Control of larval metamorphosis and recruitment in sympatric agariciid corals

Abstract

The larvae of three sympatric shallow-water agariciid corals, Agaricia tenuifolia Dana, A. agaricites humilis Verrill, and A. agaricites dana Milne Edwards et Haime, are shown to be induced to metamorphose by crustose coralline red algae (CCA). These corals display different degrees of stringency and specificity in their requirements for CCA to induce metamorphosis, and different responses to light in the control of the distribution of newly metamorphosed individuals. The morphogenetic inducer from CCA has been fractionated by ultrafiltration, and shown to be a water-insoluble, ether-insoluble, and acetone-insoluble unstable biochemical.
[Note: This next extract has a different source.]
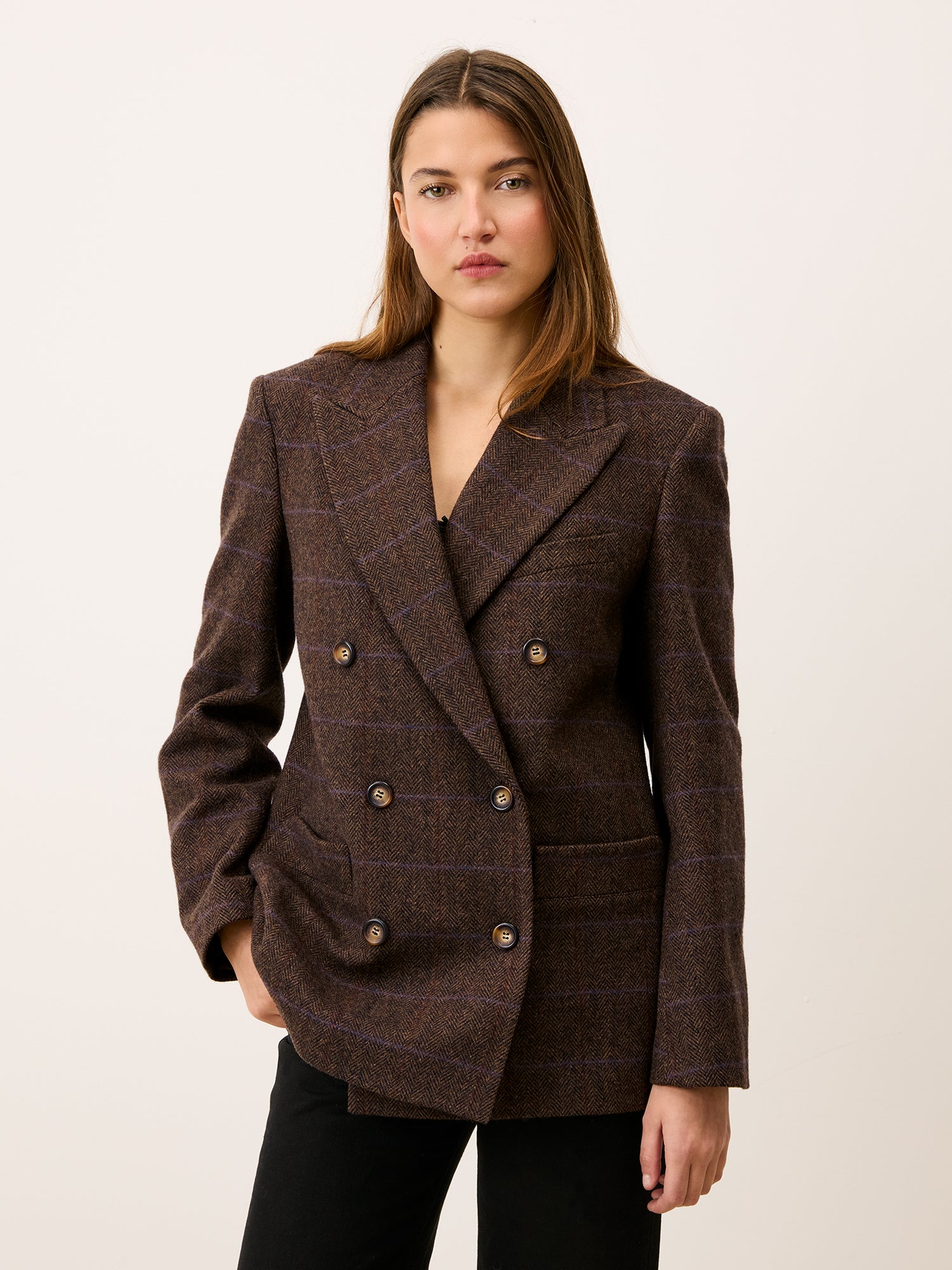 MARCEL jacket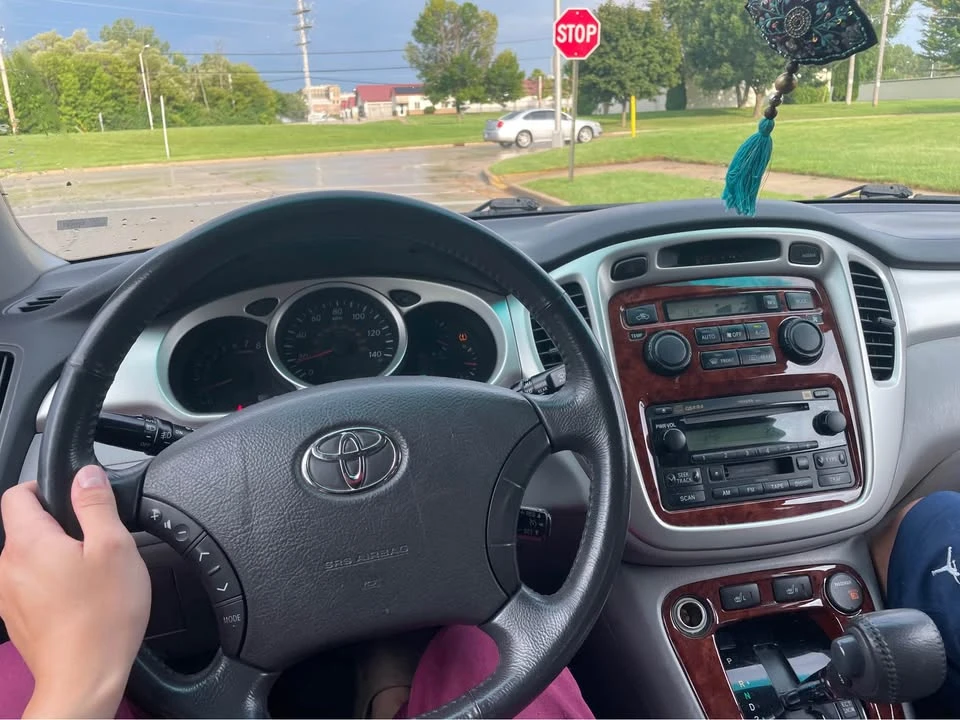2005 Toyota 4Runner 4th Gen - Image 6 of 7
This inducer of agariciid metamorphosis is different from the water-soluble peptide inducer of gastropod metamorphosis previously isolated from CCA. Transduction of the morphogenetic signal in the agariciid larvae also is apparently controlled by an internal pathway that is different from the signal-transduction pathway found to control metamorphosis in several other species. Analysis of the distribution of recruits of two of the agariciid species indicates that larval requirements and specificities for metamorphosis may contribute significantly to determine the distribution of recruits in the natural environment. Our evidence suggests that differences in larval requirements for metamorphosis thus may contribute to the maintenance of niche diversification among the sympatric shallow-water agariciids. The competence and CCA requirement of the larvae of these species persist for at least 1–2 wk in the plankton, thereby promoting dispersal and site-specific metamorphosis. For these sympatric shallow-water agariciid corals, then, larval metamorphosis and recruitment are not wholly stochastic lottery-like processes, but instead appear to be determined, in part, by larval recognition of, and responses to, environmental and biochemical factors that can be experimentally resolved and identified.